-------- Materials provided

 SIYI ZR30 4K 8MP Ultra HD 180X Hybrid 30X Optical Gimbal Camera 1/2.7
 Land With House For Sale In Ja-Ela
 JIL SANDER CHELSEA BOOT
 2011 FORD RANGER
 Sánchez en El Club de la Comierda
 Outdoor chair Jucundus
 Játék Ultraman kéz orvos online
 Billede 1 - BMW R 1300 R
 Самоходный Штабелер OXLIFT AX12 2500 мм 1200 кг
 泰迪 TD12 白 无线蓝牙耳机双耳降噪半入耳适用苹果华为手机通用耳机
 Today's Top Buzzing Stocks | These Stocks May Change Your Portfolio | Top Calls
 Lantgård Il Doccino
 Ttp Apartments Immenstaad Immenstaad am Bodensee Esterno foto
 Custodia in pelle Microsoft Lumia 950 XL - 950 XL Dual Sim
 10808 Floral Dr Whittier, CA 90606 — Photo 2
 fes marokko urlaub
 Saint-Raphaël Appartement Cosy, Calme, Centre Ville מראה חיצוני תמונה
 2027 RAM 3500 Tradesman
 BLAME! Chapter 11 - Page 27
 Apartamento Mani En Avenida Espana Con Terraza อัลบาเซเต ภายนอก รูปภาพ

----------------

- Problem requirements -
In the listing above, take the line containing "泰迪 TD12 白 无线蓝牙耳机双耳降噪半入耳适用苹果华为手机通用耳机" as the start and write out every line through the last one exactly, with nothing added.

- Result of this exercise -
 泰迪 TD12 白 无线蓝牙耳机双耳降噪半入耳适用苹果华为手机通用耳机
 Today's Top Buzzing Stocks | These Stocks May Change Your Portfolio | Top Calls
 Lantgård Il Doccino
 Ttp Apartments Immenstaad Immenstaad am Bodensee Esterno foto
 Custodia in pelle Microsoft Lumia 950 XL - 950 XL Dual Sim
 10808 Floral Dr Whittier, CA 90606 — Photo 2
 fes marokko urlaub
 Saint-Raphaël Appartement Cosy, Calme, Centre Ville מראה חיצוני תמונה
 2027 RAM 3500 Tradesman
 BLAME! Chapter 11 - Page 27
 Apartamento Mani En Avenida Espana Con Terraza อัลบาเซเต ภายนอก รูปภาพ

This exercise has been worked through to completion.